_Work order_
From the records below, set down exactly the lines starting with the line that contains "Volkswagen Golf 2.0" and going on through the line that contains "Loose Lab Diamond - IGI Oval 2.09ct E VVS2: Loose". Nothing else is wanted.

_Extracted information_
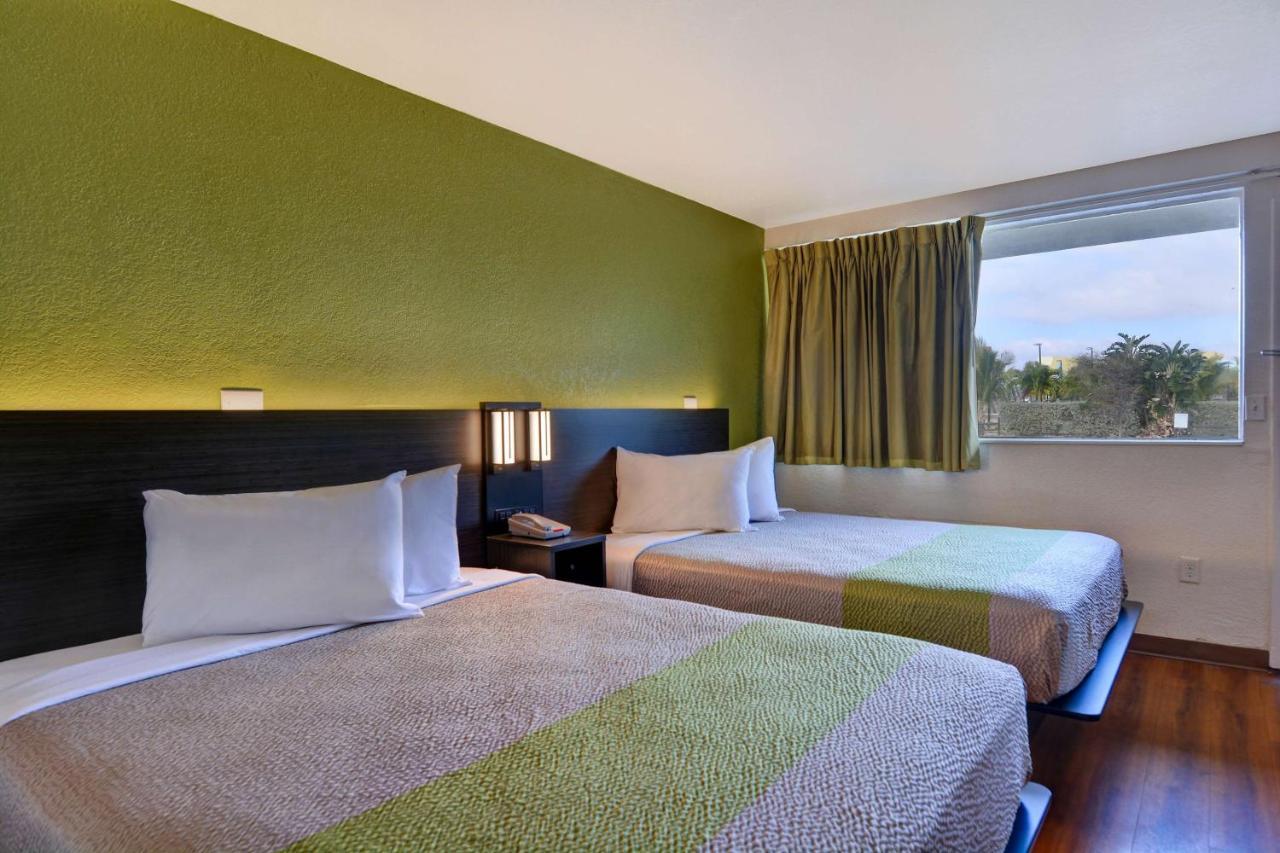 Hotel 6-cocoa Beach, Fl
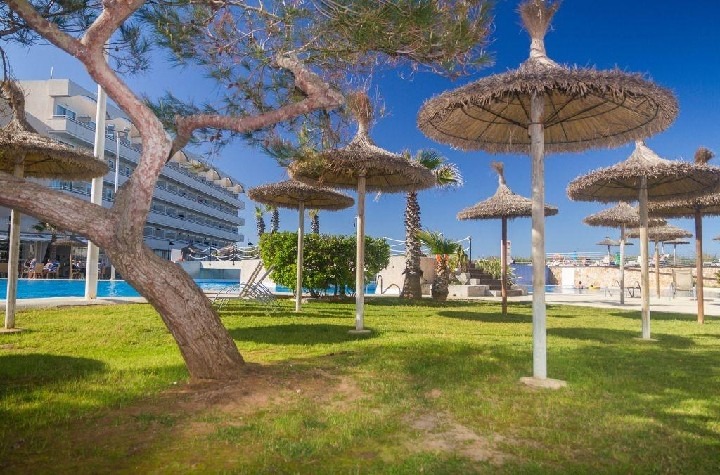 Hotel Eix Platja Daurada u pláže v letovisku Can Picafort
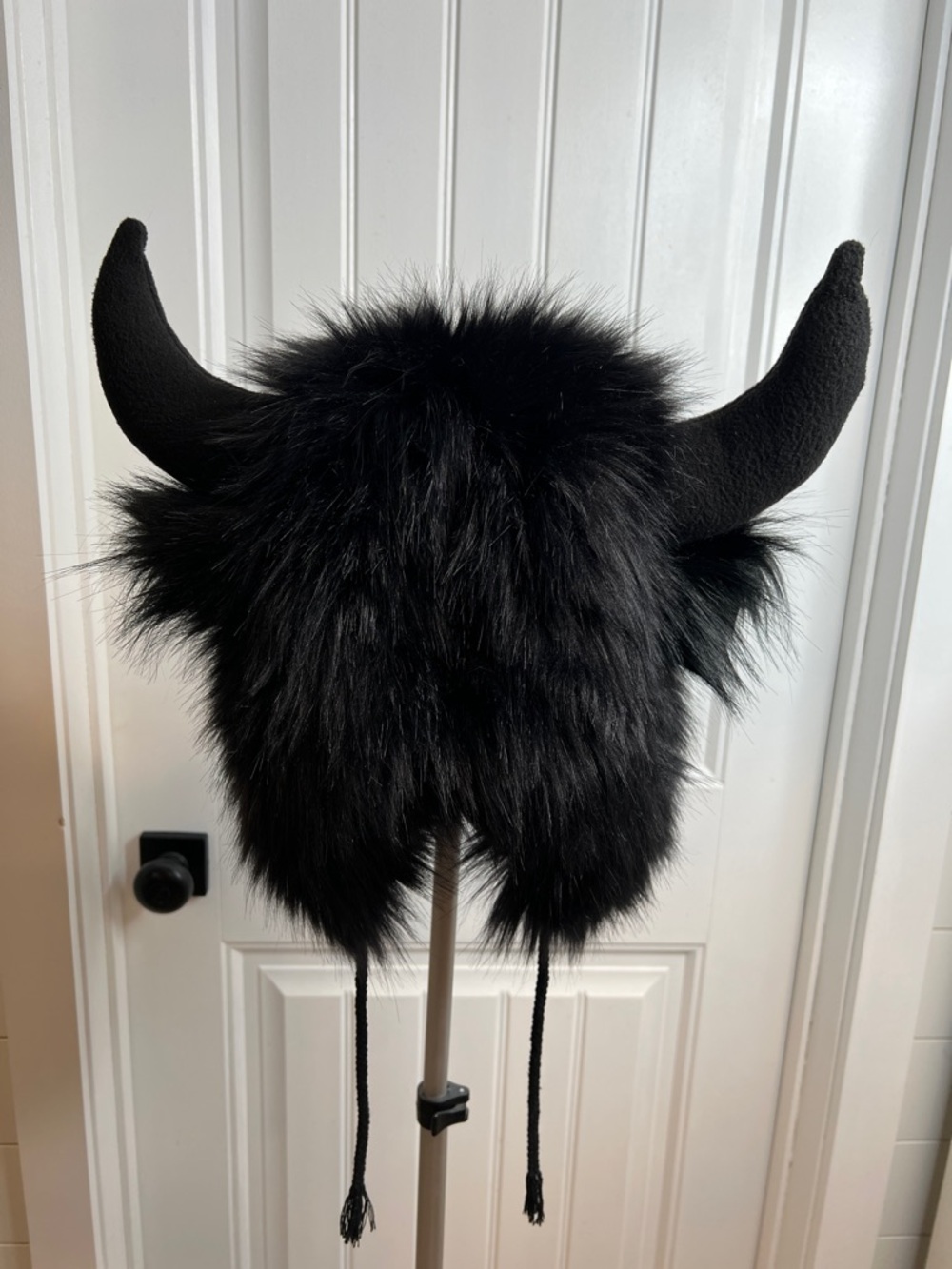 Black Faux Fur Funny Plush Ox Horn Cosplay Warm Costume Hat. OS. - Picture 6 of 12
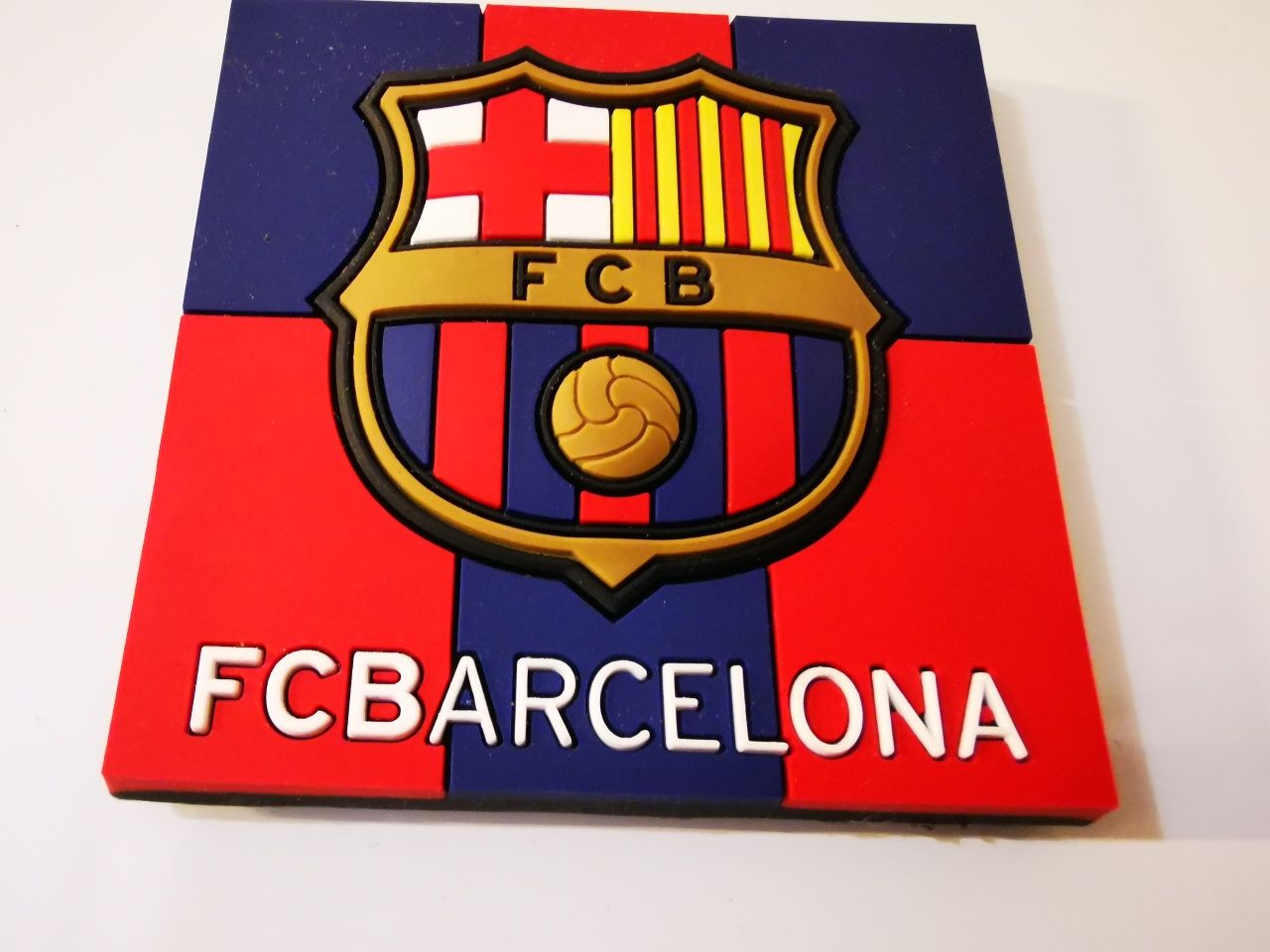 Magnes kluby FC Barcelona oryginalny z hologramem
==
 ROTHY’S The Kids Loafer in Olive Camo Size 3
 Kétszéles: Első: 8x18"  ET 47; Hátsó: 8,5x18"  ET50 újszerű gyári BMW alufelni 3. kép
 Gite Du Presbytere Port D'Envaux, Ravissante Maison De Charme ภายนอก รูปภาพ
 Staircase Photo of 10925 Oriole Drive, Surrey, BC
--
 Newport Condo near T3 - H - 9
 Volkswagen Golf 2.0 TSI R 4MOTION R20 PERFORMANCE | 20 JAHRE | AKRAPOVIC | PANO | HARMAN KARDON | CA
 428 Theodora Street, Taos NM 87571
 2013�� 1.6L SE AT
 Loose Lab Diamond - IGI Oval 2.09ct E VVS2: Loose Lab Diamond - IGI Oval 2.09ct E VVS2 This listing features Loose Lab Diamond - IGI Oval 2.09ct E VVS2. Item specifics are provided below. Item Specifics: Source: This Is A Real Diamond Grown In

_Solved exercise_
 Volkswagen Golf 2.0 TSI R 4MOTION R20 PERFORMANCE | 20 JAHRE | AKRAPOVIC | PANO | HARMAN KARDON | CA
 428 Theodora Street, Taos NM 87571
 2013�� 1.6L SE AT
 Loose Lab Diamond - IGI Oval 2.09ct E VVS2: Loose Lab Diamond - IGI Oval 2.09ct E VVS2 This listing features Loose Lab Diamond - IGI Oval 2.09ct E VVS2. Item specifics are provided below. Item Specifics: Source: This Is A Real Diamond Grown In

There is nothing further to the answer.